§ Instructions to follow
Each line below from the one containing "Die Krippe freut" through the one containing "ALTINYILDIZ CLASSICS ALTINYILDIZ" should be output exactly as it stands, and no other line should appear.

§ Record set

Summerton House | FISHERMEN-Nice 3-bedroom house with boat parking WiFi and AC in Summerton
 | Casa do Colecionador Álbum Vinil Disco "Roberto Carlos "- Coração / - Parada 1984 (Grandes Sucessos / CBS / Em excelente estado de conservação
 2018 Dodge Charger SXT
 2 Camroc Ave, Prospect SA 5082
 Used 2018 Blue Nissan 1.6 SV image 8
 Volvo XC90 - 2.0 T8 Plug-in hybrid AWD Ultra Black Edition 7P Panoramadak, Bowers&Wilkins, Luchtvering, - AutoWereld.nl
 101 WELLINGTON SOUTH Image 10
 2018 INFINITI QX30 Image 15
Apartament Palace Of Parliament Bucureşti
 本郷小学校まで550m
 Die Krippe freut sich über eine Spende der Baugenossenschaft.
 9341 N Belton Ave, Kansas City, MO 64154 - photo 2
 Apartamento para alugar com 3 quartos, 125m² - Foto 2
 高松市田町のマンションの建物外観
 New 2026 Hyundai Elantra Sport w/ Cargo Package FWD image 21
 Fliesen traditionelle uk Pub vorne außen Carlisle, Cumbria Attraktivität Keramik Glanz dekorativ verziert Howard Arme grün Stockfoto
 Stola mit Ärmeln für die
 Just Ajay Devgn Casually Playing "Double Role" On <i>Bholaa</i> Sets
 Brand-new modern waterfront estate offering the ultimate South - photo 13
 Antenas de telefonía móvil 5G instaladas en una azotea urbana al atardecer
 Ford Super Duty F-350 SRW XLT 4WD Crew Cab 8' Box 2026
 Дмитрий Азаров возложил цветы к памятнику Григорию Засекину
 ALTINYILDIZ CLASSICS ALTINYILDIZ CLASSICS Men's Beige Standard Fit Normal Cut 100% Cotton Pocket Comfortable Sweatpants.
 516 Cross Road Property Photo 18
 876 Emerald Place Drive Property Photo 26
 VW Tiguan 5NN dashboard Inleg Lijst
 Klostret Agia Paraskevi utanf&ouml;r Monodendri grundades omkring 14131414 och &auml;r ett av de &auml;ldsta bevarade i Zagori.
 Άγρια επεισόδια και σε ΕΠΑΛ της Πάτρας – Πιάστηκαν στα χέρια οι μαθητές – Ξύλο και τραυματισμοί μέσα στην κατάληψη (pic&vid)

§ Output for this exercise
 Die Krippe freut sich über eine Spende der Baugenossenschaft.
 9341 N Belton Ave, Kansas City, MO 64154 - photo 2
 Apartamento para alugar com 3 quartos, 125m² - Foto 2
 高松市田町のマンションの建物外観
 New 2026 Hyundai Elantra Sport w/ Cargo Package FWD image 21
 Fliesen traditionelle uk Pub vorne außen Carlisle, Cumbria Attraktivität Keramik Glanz dekorativ verziert Howard Arme grün Stockfoto
 Stola mit Ärmeln für die
 Just Ajay Devgn Casually Playing "Double Role" On <i>Bholaa</i> Sets
 Brand-new modern waterfront estate offering the ultimate South - photo 13
 Antenas de telefonía móvil 5G instaladas en una azotea urbana al atardecer
 Ford Super Duty F-350 SRW XLT 4WD Crew Cab 8' Box 2026
 Дмитрий Азаров возложил цветы к памятнику Григорию Засекину
 ALTINYILDIZ CLASSICS ALTINYILDIZ CLASSICS Men's Beige Standard Fit Normal Cut 100% Cotton Pocket Comfortable Sweatpants.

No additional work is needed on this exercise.